ROANOKE TIMES

                         Roanoke Times
                 Copyright (c) 1995, Landmark Communications, Inc.

DATE: FRIDAY, March 26, 1993                   TAG: 9303260052
SECTION: NATIONAL/INTERNATIONAL                    PAGE: A-6   EDITION: METRO 
SOURCE: Associated Press
DATELINE: WASHINGTON                                LENGTH: Medium


SOCIAL SECURITY CUTBACKS PUT CALLERS ON LONG HOLD

The government is ringing up an $11.5 million telephone bill by putting callers to its nationwide toll-free Social Security hot line on hold, investigators say.

But calls to a local Social Security office may not even go through. The General Accounting Office says fewer than half of all such calls are answered.

Congressional Democrats say the Social Security Administration's troubles answering the phone are just one of the consequences of massive cutbacks in the agency's staff under Presidents Reagan and Bush.

Applicants for disability benefits are now waiting three months instead of two for decisions on their claims, said a report by the Democratic staff of the House Ways and Means Committee.

Advocates say some Americans suffer economic hardship or ill-health, or die waiting for their case to be decided.

"Justice delayed is quite literally justice denied when a taxpayer dies before his or her disability claim is so much as looked at," Rep. Andy Jacobs, D-Ind., chairman of the Ways and Means subcommittee on Social Security, said at a hearing Thursday.

At the end of 1992, more than 725,000 disability claims were waiting to be processed.

Social Security's work force was trimmed from 80,000 to 63,000 from 1984 to 1990. The agency also sought to economize by disconnecting local phone lines and installing a toll-free, nationwide hot line on Oct. 1, 1989.

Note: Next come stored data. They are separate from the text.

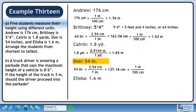Now we'll convert this to meters. We want centimeters to cancel, so put 100 centimeters in the denominator. We want meters, so put 1 meter in the numerator. 137.16 over 100 gives approximately 1.37. Centimeters cancel out, leaving units of meters.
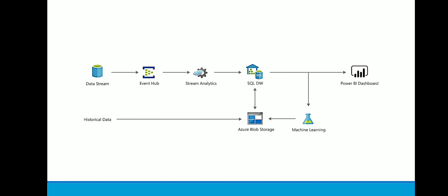Now from the architecture perspective, here we are using Event Hub to capture the data streams, the live data stream, and then using Stream Analytics, storing the data in SQL Data Warehouse, and then it goes to Machine Learning. The historical data is being stored in Azure Blob Storage.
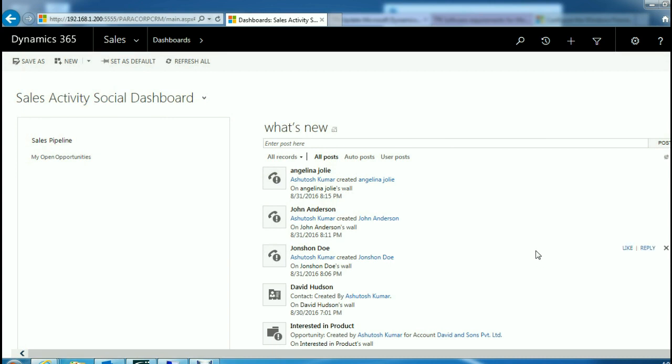In the next video, we will proceed further on how to take our Dynamics 365 on-premise deployment to Dynamics 365 online. I hope this video was useful to you. Thank you for watching.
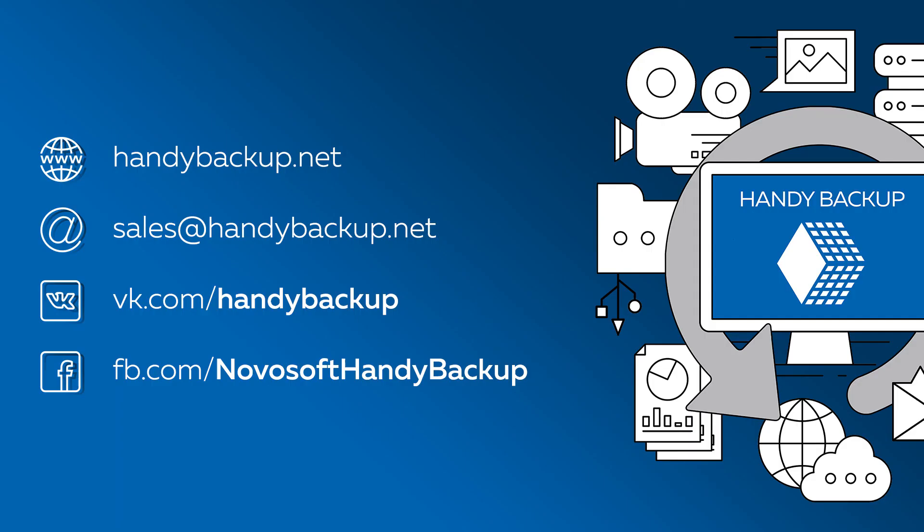PostgreSQL plugin is available in Handy Backup Small Business and Handy Backup Server Network. We hope that this video was helpful for you!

But complaints about busy signals and inaccurate information on the toll-free line prompted Congress to direct the agency to restore public telephone access to its 1,300 local offices a year later.

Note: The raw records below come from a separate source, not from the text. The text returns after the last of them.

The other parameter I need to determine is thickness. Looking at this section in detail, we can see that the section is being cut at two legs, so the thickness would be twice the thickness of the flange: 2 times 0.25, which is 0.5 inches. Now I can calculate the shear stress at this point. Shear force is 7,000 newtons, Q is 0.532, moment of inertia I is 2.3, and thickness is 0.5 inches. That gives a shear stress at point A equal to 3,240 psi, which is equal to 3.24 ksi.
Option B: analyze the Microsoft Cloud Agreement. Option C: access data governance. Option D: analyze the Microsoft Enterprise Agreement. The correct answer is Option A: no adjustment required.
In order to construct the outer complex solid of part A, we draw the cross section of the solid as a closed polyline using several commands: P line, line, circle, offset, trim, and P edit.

"SSA responded by relisting local office telephone numbers in local directories but did not reinstall the incoming telephone lines that would have enabled the public to reach these offices readily," the Ways and Means report said.

As a consequence, the GAO said, 55.7 percent of calls to local Social Security offices do not go through.

And an internal audit by Social Security found that putting callers to the national toll-free number on hold cost the government $11.5 million in telephone time charges in 1991 - or 30 percent of the agency's total 800-number costs. A caller to the hot line on Wednesday night waited six minutes.

Nevertheless, Louis D. Enoff, acting Social Security commissioner, told the subcommittee that he believes the public "has more convenient and far better access to SSA than at any time in the past."